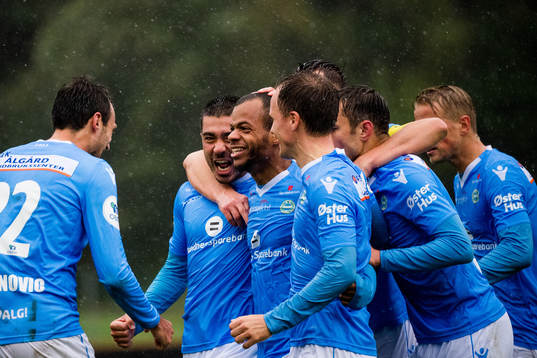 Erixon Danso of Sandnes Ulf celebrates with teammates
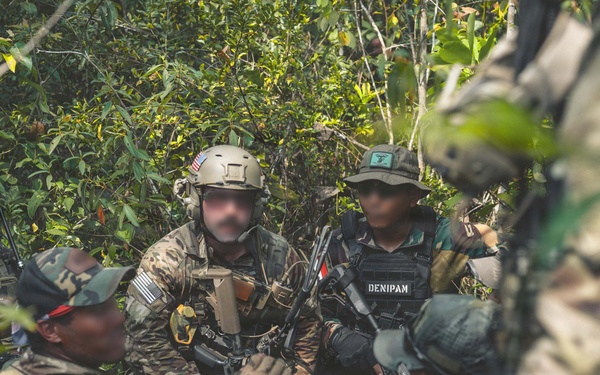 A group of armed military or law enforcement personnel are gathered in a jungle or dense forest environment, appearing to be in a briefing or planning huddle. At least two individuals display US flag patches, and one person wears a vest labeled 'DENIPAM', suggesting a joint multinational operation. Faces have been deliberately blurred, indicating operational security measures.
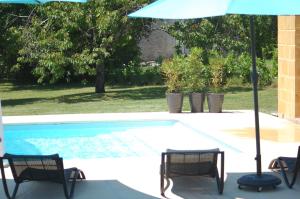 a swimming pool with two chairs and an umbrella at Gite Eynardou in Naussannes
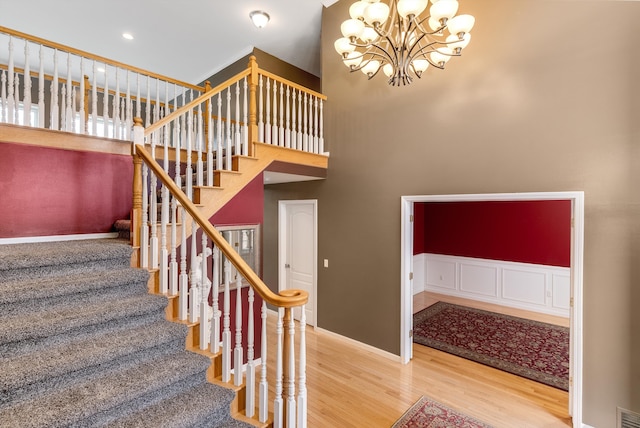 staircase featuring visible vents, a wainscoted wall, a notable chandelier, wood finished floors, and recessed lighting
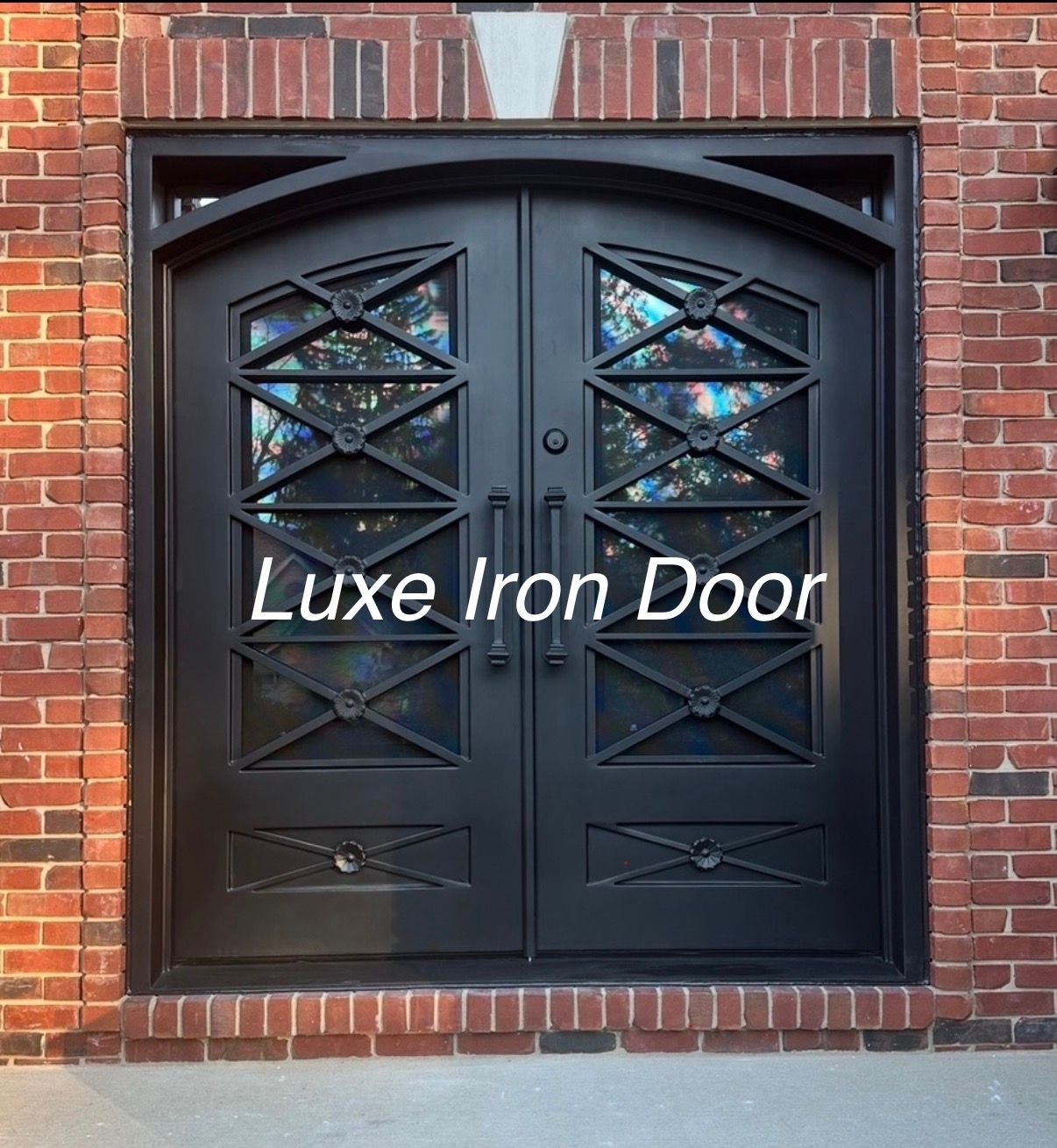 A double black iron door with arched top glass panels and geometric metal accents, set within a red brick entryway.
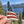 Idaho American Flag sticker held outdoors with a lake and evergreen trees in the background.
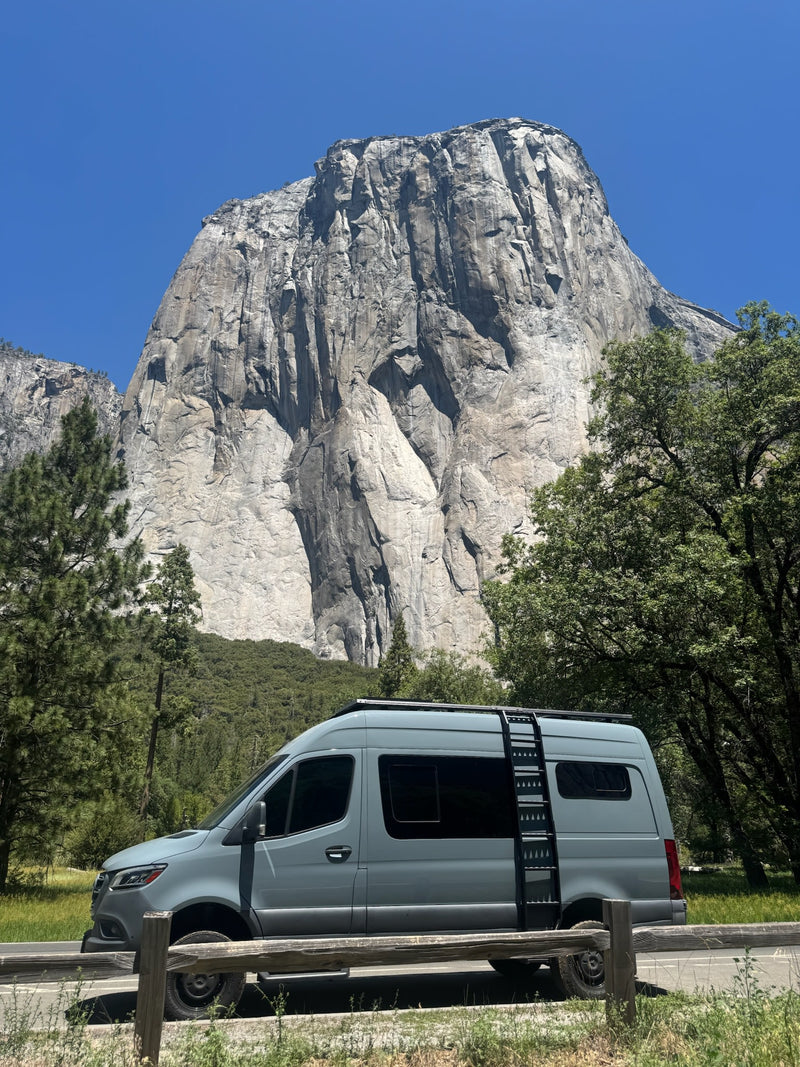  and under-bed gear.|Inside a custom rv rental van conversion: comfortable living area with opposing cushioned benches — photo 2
----
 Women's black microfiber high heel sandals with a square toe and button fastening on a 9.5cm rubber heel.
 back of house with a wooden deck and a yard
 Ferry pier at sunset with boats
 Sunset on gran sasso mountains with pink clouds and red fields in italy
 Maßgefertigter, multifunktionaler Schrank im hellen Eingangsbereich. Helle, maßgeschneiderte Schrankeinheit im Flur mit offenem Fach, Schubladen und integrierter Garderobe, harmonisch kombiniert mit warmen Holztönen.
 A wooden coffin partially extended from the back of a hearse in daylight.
----
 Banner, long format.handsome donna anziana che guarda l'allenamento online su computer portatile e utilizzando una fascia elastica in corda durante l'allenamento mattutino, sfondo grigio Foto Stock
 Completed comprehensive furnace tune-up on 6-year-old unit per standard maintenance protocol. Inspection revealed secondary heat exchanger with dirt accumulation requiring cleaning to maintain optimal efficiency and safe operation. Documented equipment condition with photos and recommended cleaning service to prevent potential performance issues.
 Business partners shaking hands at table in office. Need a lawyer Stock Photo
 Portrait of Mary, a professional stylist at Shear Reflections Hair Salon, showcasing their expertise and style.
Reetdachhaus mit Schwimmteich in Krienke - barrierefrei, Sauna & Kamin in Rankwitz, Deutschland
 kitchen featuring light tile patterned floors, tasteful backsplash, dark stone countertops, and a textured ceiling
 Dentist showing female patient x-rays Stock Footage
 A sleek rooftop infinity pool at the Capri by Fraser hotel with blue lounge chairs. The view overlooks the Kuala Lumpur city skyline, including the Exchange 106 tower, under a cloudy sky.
----
## WHAT TO WORK ON
Where the listing above reaches the line that contains "kitchen featuring light", start retyping, and finish with the line that contains "A sleek rooftop"; reproduce those lines exactly and no others.

## SOLUTION TO THIS TASK
 kitchen featuring light tile patterned floors, tasteful backsplash, dark stone countertops, and a textured ceiling
 Dentist showing female patient x-rays Stock Footage
 A sleek rooftop infinity pool at the Capri by Fraser hotel with blue lounge chairs. The view overlooks the Kuala Lumpur city skyline, including the Exchange 106 tower, under a cloudy sky.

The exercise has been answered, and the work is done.